==== Material shown ====
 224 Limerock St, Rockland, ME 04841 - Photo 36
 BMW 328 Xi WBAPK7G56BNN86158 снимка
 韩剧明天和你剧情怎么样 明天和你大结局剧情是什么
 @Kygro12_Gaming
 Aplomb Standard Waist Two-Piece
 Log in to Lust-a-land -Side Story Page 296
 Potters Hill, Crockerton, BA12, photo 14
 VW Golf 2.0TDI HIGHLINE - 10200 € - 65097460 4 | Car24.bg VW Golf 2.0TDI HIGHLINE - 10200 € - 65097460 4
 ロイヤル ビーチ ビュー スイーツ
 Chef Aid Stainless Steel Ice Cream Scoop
====
- What you have to do -
Reproduce exactly the stretch of lines that starts at the one containing "ロイヤル ビーチ ビュー スイーツ" and ends with the final line of the data, including both ends and nothing more.

- Result of the task -
 ロイヤル ビーチ ビュー スイーツ
 Chef Aid Stainless Steel Ice Cream Scoop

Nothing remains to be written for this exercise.